In this May 17, 1954, file photo, George E.C. Hayes, left, Thurgood Marshall, center, and James M. Nabrit join hands outside the U.S. Supreme Court in Washington, D.C., after justices declared in the Brown v. Board of Education decision that separate but equal schools for black children were unconstitutional. Three years after that ruling, President Dwight D. Eisenhower dispatched federal troops to Little Rock, Ark., to escort nine black children as they integrated Central High School. The 60th anniversary of the Little Rock Nine's enrollment is Monday, Sept. 25, 2017.

Clashing arguments of rival attorneys in the austere Supreme Court chamber today reopened the tremendous legal battle over whether the Constitution outlaws separate public schools for white and Negro children.

Lawyers for Negro parents teed off with contentions the 14th Amendment does just that-and it makes no difference, they said, whether schools for Negro pupils are as good as those for whites.

Thurgood Marshall, counsel for the National Association for the Advancement of Colored People (NAACP) told the court:

"You can't separate people and say that one should go here and one should go there, if the facilities are absolutely equal.

"Any segregation, which is for the purpose of setting up class or caste distinctions, is of itself in violation of the 14th Amendment."

Attorneys for South Carolina and Virginia fired back that segregated schools are completely in keeping with the Constitution and the Supreme Court has no power to rule otherwise.

If it does, white-maned 80-year-old John W. Davis said, he doesn't know what will happen, but:

"I do know, if testimony is to be believed, the result will not be pleasant."

His voice quavering with emotion, the man who ran for president as a Democrat in 1924 said that "South Carolina does not come here in sackcloth and ashes.
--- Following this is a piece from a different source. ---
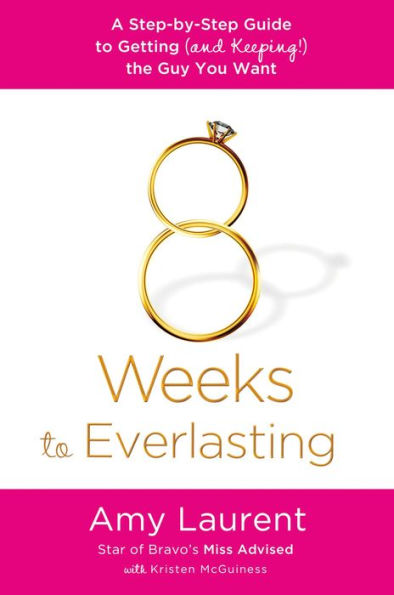 8 Weeks to Everlasting: A Step-By-Step Guide to Getting (and Keeping!) the Guy You Want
It believes its legislation is non-offensive to the Constitution of the United States.

"It is convinced that the happiness, the progress and the welfare of these children is best promoted in public schools."

A Supreme Court ruling that segregation in schools is illegal would affect millions of children in almost a score of states, mostly in the South, which have dual school systems. A decision either way probably is months in the future. It may not come until next spring.

In addition to South Carolina and Virginia, Kansas, Delaware and the District of Columbia are directly involved in the cases now before the highest court of justice.

Three days of arguments started off with the South Carolina and Virginia cases, and on point after point, Davis, Marshall and the attorneys with them took directly opposite stands.

On a higher, more dignified plane, it was much like a couple of youngsters in one of those "does-doesn't" quarrels. Occasionally the black-robed justices broke in to ask questions or bring the lawyer back to a particular point.

The one momentous, basic issue is this: Do or do not the Equal Rights and Due Process provisions of the Constitution ban segregation in the public schools?

Also at issue is the "separate but equal doctrine" the Supreme Court laid down in 1896. In a case centering on accommodations on a southern train, the court upheld racial segregation provided facilities set aside for Negroes are equal to those reserved for white passengers.

Marshall told the court it should junk this doctrine now and rule that "segregation in and of itself is invalid."

Davis said the doctrine has been reaffirmed seven different times and, in the words of a federal judge, it is "late to disturb it on any theoretical or sociological" grounds.